Not having this much problems fixed in the API is being currently worked on with DX12 and Vulcan. The point being removing a huge bunch of the abstraction provided by dx/opengl and thus forcing the dev to write more sensible code.

Currently the engine developer in graphics programming writes something and in reality he has no way of knowing what actually happens on the hardware (the API is just too high level to able to really know much). From there it is the hardware providers job to take out their own debugging tools and make sure correct things happen by having a custom code path in the driver.

washadjeffmad 3811 days ago

It's a bit of the opposite, actually. There was a great article posted here (titled "Why I'm excited for Vulkan") where they explain how proprietary "tricks" GPU vendors use account for much of the necessity for game specific driver updates and optimizations. Game patches are to game bugs what driver updates (or "game profiles") are to what?

Lower level APIs like DX12 and Vulkan remove the competitive advantage vendor dependent performance creates, so well-coded games can perform consistently with lower overhead across ranges of hardware without having to rely on vendors to patch in the shortcuts through their drivers.

Currently, it's like filming a movie with IMAX specifications, then finding out that at different cinema chains it played with quality aberrations because their projectors didn't truly follow IMAX spec. The chains can fix it, but you're already getting blamed for the movie's issues. However, for a little money, on your next film they offer to work closely with you to ensure it shows the way you intended in their theaters. And no, they can't just tell you how to fix it-- their projection technology is a trade secret.

LoSboccacc 3811 days ago

Eh given the constraints as you spell them out it seems a clear at the release moment driven by a shader could work.

pandaman 3811 days ago

This is probably because my explanation is very brief. I don't see how a shader (a program running on the GPU) can detect that the OS has killed a process and initiate a clear.

LoSboccacc 3811 days ago

shader is a program executed by the gpu and can manipulate the memory, driver can create a fake surface out the freed memory and run the shader on it (which would avoid the need of zeroing the memory from the cpu trough the pcie)

interpol_p 3811 days ago

I don't get it, though. How can the reason be due to benchmarks / performance seeking?

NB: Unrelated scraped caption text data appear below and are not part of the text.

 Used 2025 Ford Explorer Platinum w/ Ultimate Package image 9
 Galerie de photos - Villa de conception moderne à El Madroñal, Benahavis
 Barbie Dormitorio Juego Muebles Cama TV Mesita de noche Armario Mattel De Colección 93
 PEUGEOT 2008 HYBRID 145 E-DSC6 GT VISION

The driver simply has to zero the buffer when the new OpenGL / graphics context is established. It's once per application establishing a context, not per-frame (the application is responsible for per-frame buffer clearing and the associated costs). At worst this would lengthen the amount of time a GPU-using application takes to start up and open new viewports, but that hardly seems like it would matter or even register on any benchmarks.

c0n5pir4cy 3811 days ago

The thing is it probably not once per application. I'd imagine using multiple frame buffers in an application is actually quite common and could change quite often while an application is running; especially in complex applications like games. It's probably not enough of a hit to really justify not clearing the buffer but it's enough to make it noticeable in the benchmark race.

CountSessine 3811 days ago

Across an entire computer system? For all applications? Even games? Sharing data across process boundaries is undesirable, but is something most computer users would accept if the alternative was reduced performance.

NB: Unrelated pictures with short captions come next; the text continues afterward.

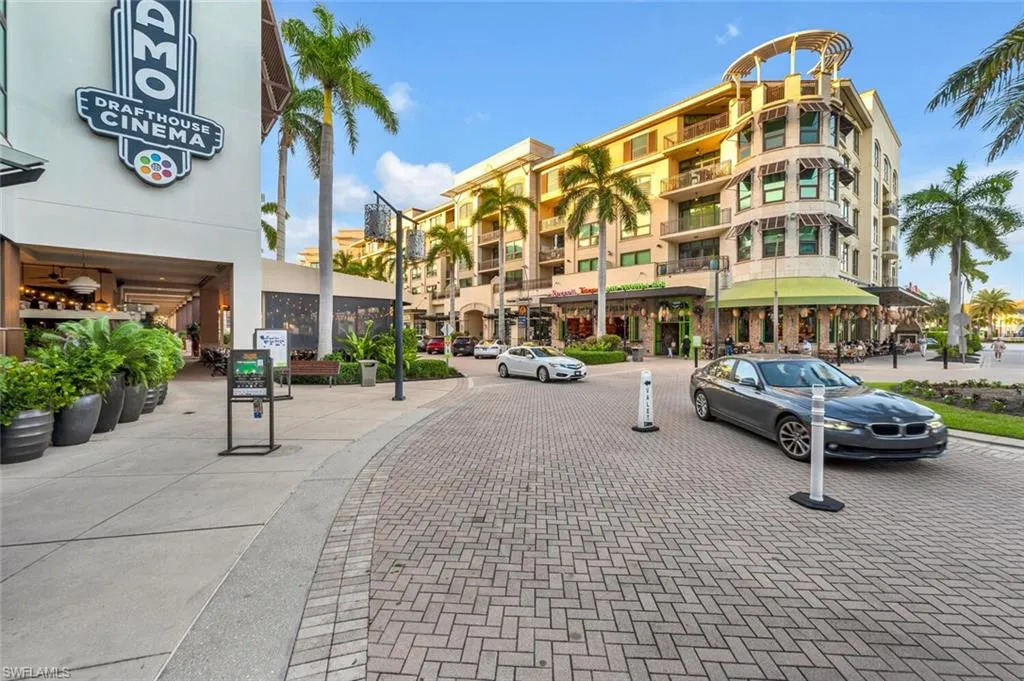 9115 Strada PL, Naples, FL 34108,225008596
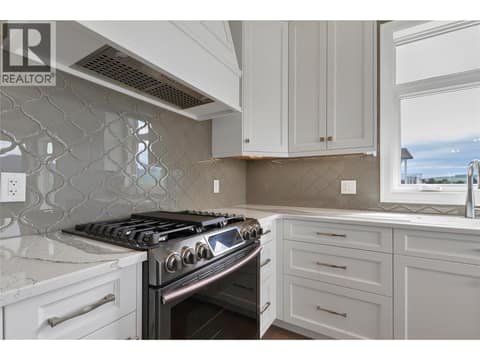 Photo 18 of 7091 Jasper Drive, Bella Vista, Vernon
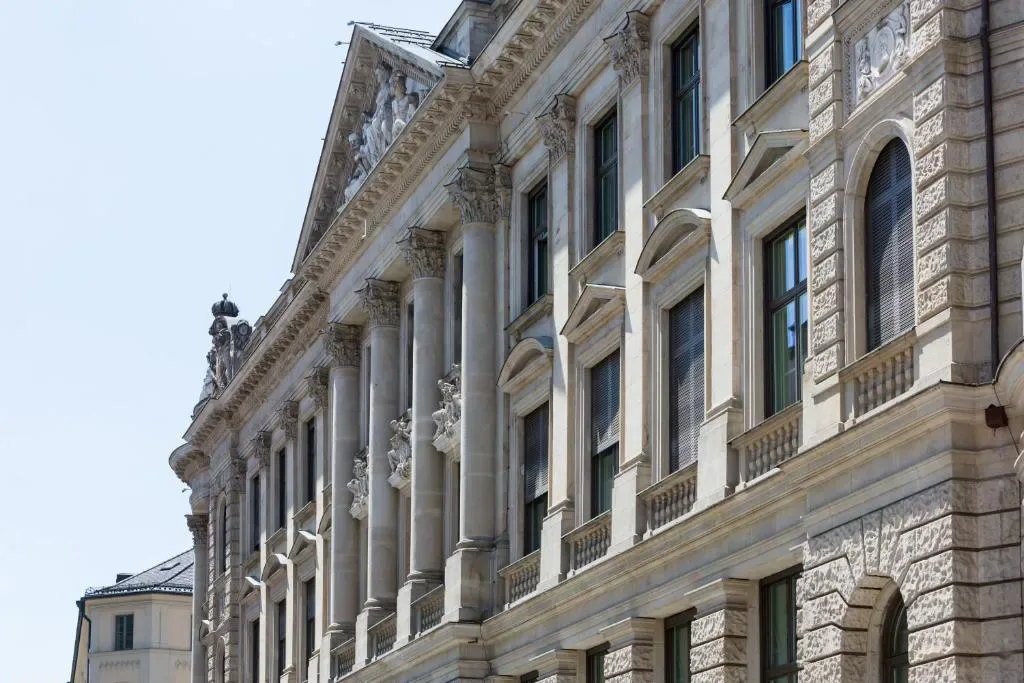 Fachada do Rosewood Munich na Kardinal-Faulhaber-Strasse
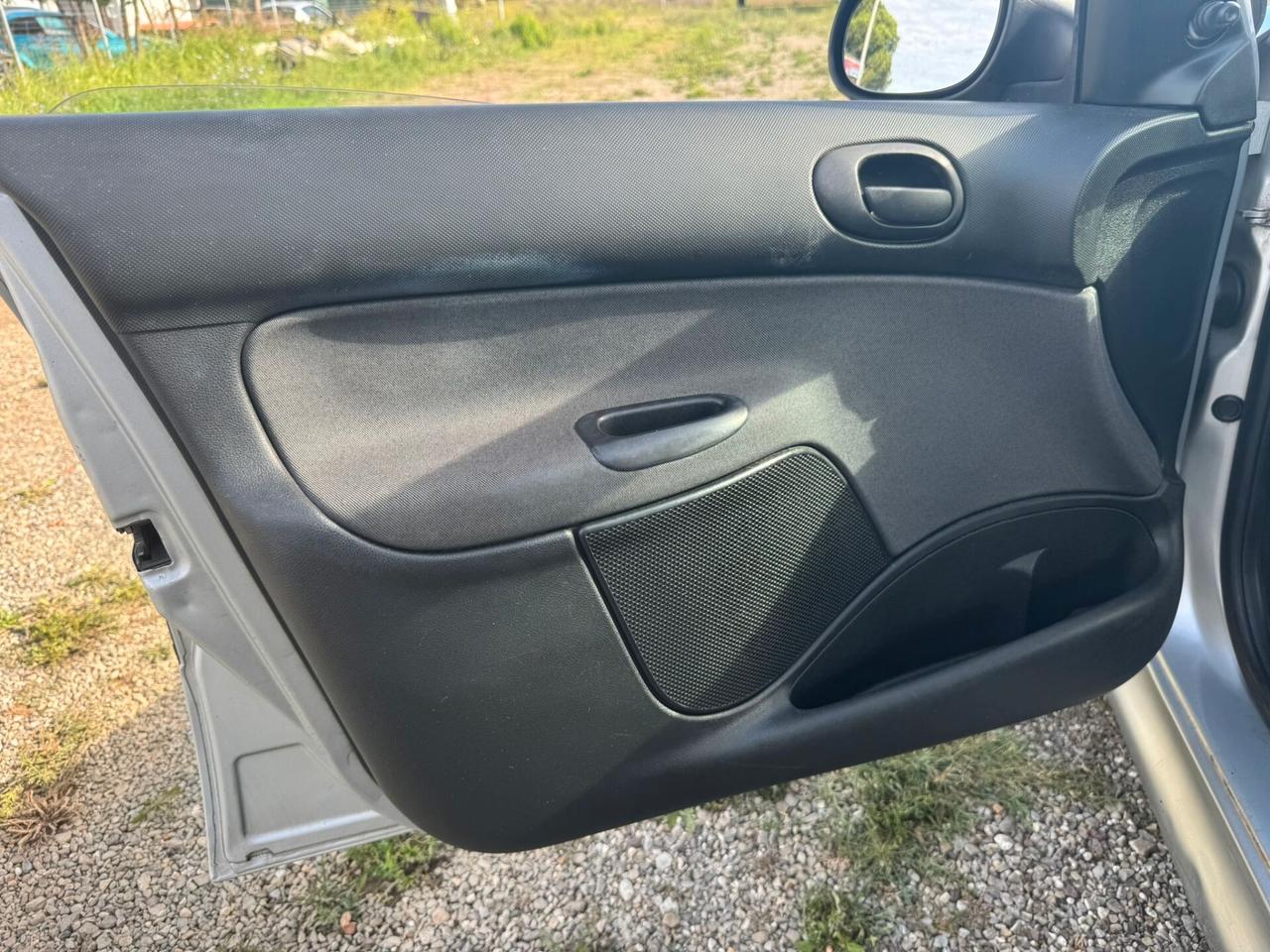 Peugeot 206 Plus 1.1 Benz 5 porte 11 SOLO 104.000 KM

Why not just fix this in the browser? The real issue here is that this data isn't just being shared across processes but potentially with websites through malicious webgl.

Dylan16807 3811 days ago

If you can waste the time on allocating a buffer, you can waste the time on zeroing it. If you're in a hot loop you shouldn't be allocating giant chunks of memory.

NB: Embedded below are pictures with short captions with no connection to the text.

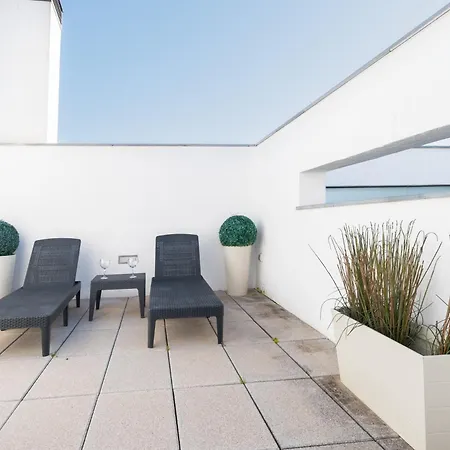 Attic With Terrace- 1bd 1bth- Corral Del Rey * Siviglia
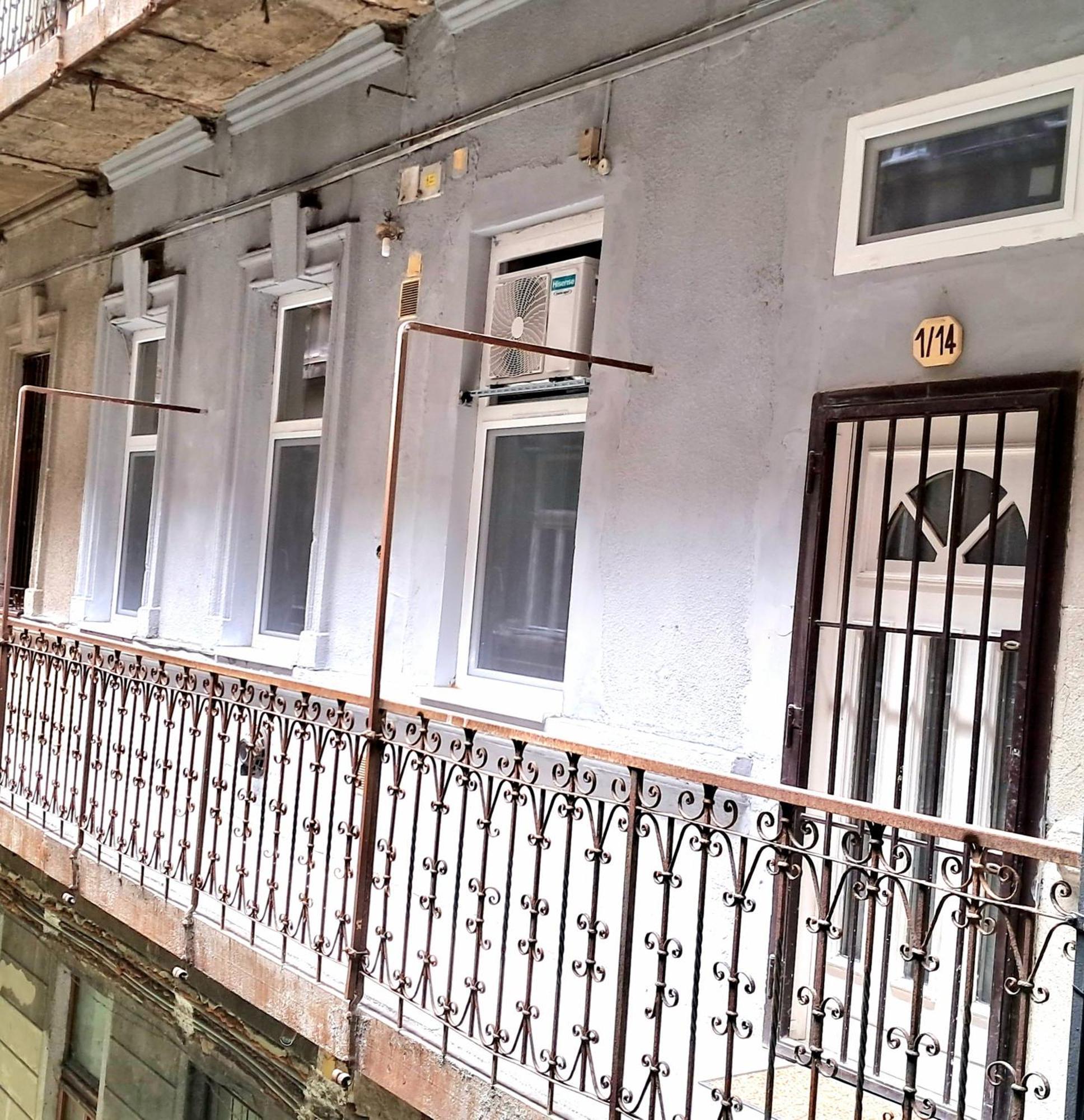 Affordable Heroes' Square Residence Budapest Ngoại thất bức ảnh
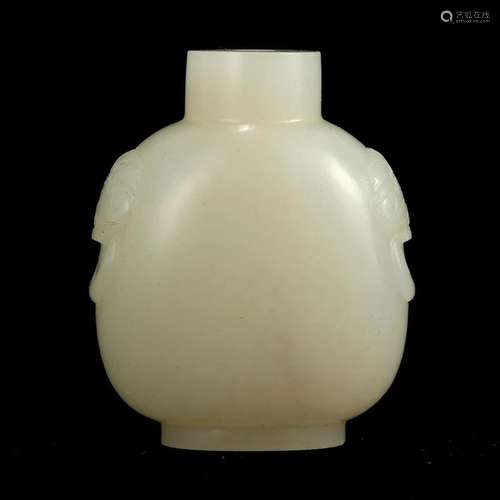 A WHITE JADE SNUFF BOTTLE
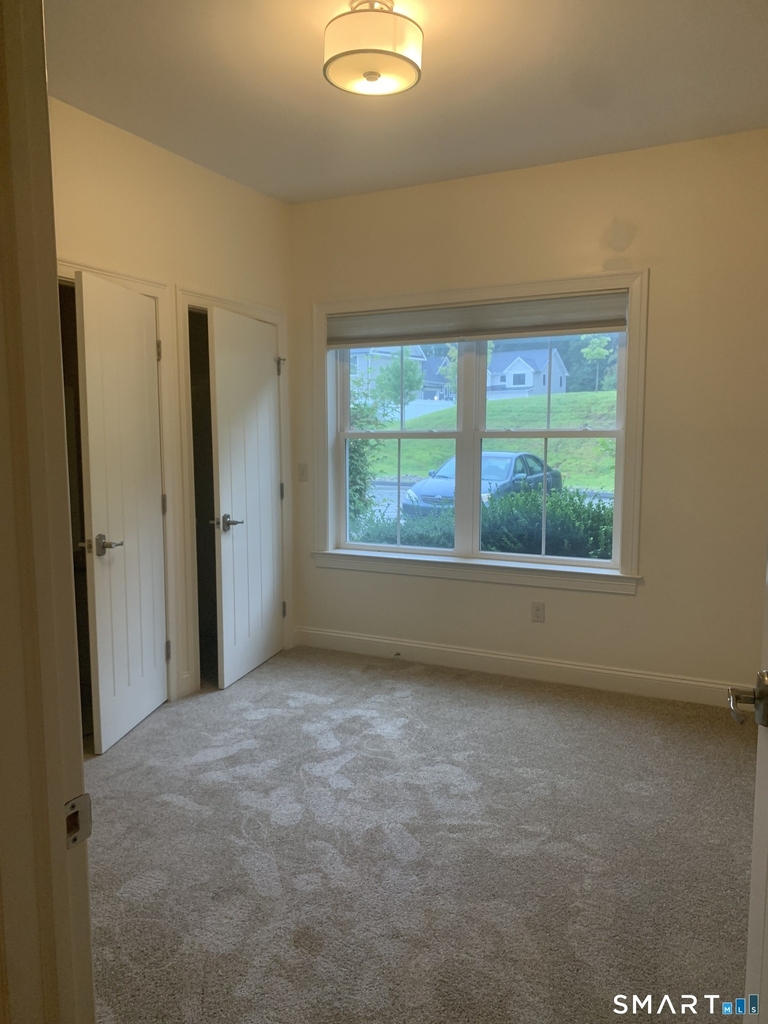 105 Edgewater Circle - Photo 6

CountSessine 3811 days ago

It would be interesting to know how the cost of allocating a new fbo would compare to the cost of zeroing it out. My guess is that the cost of getting into the kernel to do the allocation in the first place would dominate, but by how much would be something neat to measure.

chris_wot 3811 days ago

If it's costing a lot of time to clear a buffer, doesn't that tend to indicate that's something the video card manufacturer should design an enhancement or fix for?